#217: Don't Save Your Best Ideas for Later
New ideas are exciting. When a new idea appears in your head, it can make you feel like you can conquer the world. I love getting new ideas.
Ideas can be daunting, too. Are you a good enough writer to do it justice? What if someone has the same idea and beats you to it? Having an idea can make you anxious. Even though your idea may be nothing more than a passing thought, it feels valuable. Ideas can trigger massive FOMO.
I used to think that saving good ideas for later was a good thing. I would work on the story when I felt ready. Of course, I would be a better writer then. Perhaps I’d have an audience that would appreciate it more as well.
I’ve saved a number of ‘great ideas’ over the years, and I no longer do that. If you’re excited about an idea for a story, you should finish what you’re working on right now and jump on that idea straight away. Here’s why.
As you get older, write more stories, improve your craft, your tastes will inevitably evolve. Some of the best ideas I had before seem ridiculous now. But I loved them at the time. I seriously thought they were the best thing in the world.
Ideas are like a mirage. You have to cross the desert to find out if there’s anything out there. But if you don’t do the difficult work of writing the story, you’ll never find out whether the idea was worth anything.
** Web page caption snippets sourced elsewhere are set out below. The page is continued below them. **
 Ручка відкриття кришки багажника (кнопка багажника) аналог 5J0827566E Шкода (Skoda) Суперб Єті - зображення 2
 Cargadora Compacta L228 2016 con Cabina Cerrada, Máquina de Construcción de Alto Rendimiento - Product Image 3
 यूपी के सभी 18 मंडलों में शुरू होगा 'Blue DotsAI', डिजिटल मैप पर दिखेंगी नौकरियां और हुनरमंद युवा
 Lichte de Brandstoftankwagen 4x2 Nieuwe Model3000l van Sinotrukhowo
If you leave your best ideas for later, you may never find out. When you’re finally ready to pursue them, you may no longer be into them. Worse still, you’ll come across a bestselling book that just came out and is based on a similar idea that you had ten years ago. 'But I came up with that idea first!’
That’s how brilliant ideas become missed opportunities.
There Will Always Be More
Sometimes, an idea is so good that you think that you can never possibly come up with anything better than that. That’s it. It’s downhill from here.
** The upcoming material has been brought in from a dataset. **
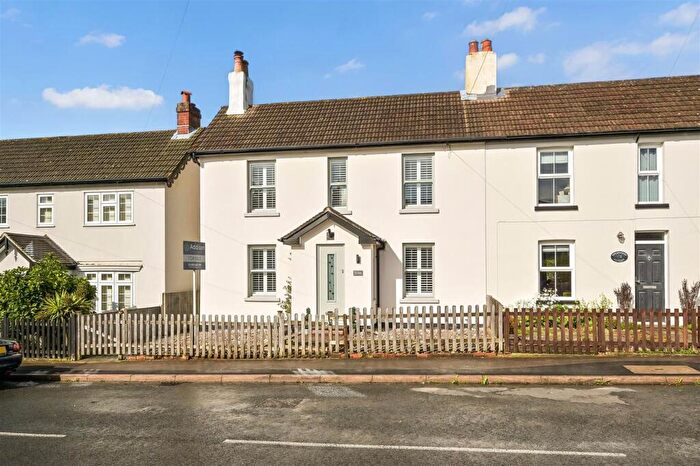 4 Bedroom Semi-Detached House For Sale In Osborne Road, Warsash, SO31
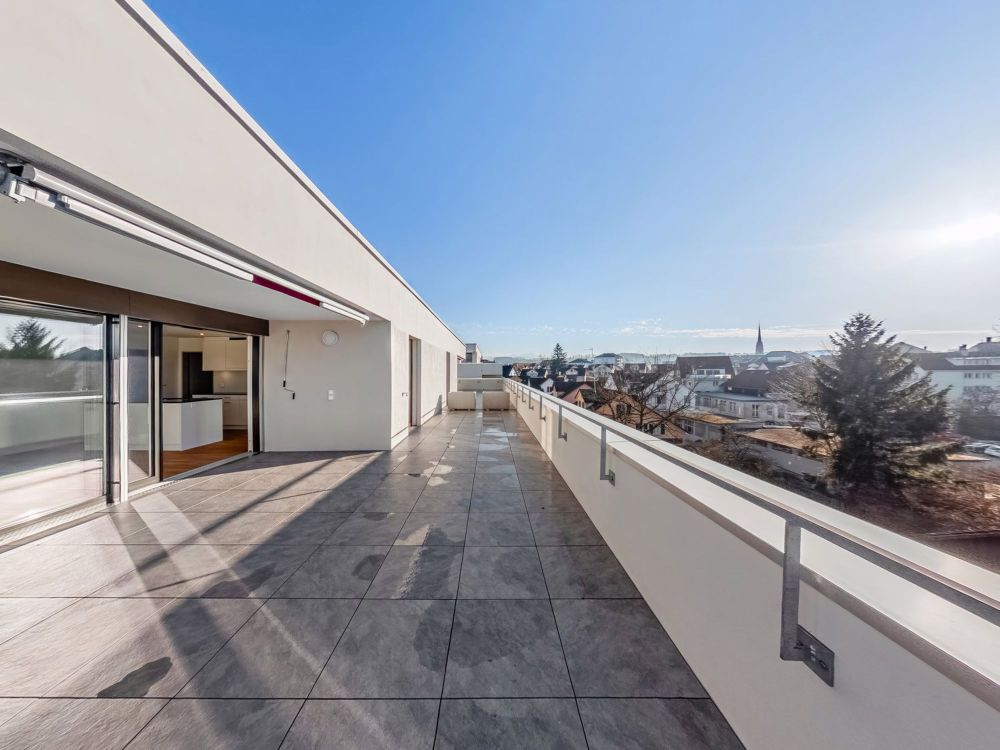 Neubau - Attikawohnung mit riesiger Terrasse und toller Aussicht - Bild 2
The sneaky thing about your ideas is that you’re biased. You came up with them. Of course, you think they’re good! You may think that you’re sitting on a cache of pure gold, but when you finally open it, you may find a bunch of rusty cups.
No matter how brilliant any one idea seems, there will always be more. The more you write, the more ideas you’ll have. They will be better, usually way better than the old ones.
Always Work on Your Best Ideas
Working on your best ideas is what makes writing exciting.
Even if the story turns out to be terrible, you’ll learn your lessons and move on. You don’t have to publish it. Put it aside and come back to it in a few years to see whether you can do better. That way, you at least give the idea a chance.
Always work on your best idea. Get it out of the way, so there’s space for even better ones in the future.
You don’t want to have just a bunch of great ideas and nothing to show for it.
Hi, I’m Radek 👋. I’m a writer, software engineer and the founder of Writing Analytics — an editor and writing tracker designed to help you beat writer’s block and create a sustainable writing routine.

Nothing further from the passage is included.